**Work order**. Nothing but the pictures should be left out when you copy the records exactly.

**Items listed in a dataset**.
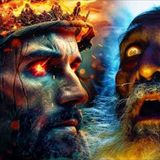 What Existed Before the World_ Jesus_ Answer Will Shock You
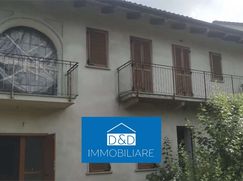 Rustico/Casale in Residenziale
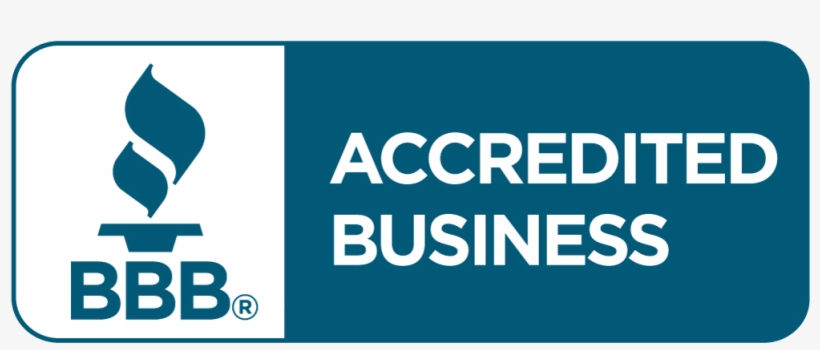 Ping-pong® Is A Federally Registered Trademark Owned - Bbb Logo Png, transparent png download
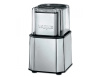 Измельчитель сухих специй Waring WSG30E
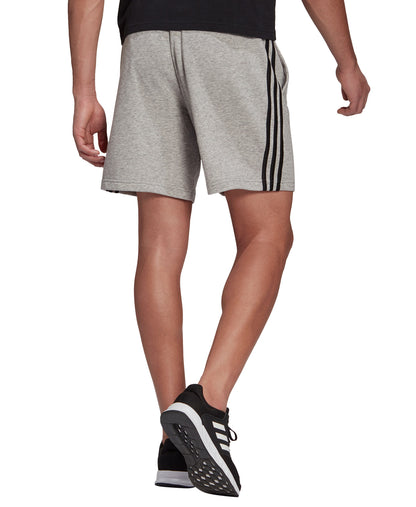 Bermuda Adidas uomo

**Task result**.
 What Existed Before the World_ Jesus_ Answer Will Shock You
 Rustico/Casale in Residenziale
 Ping-pong® Is A Federally Registered Trademark Owned - Bbb Logo Png, transparent png download
 Измельчитель сухих специй Waring WSG30E
 Bermuda Adidas uomo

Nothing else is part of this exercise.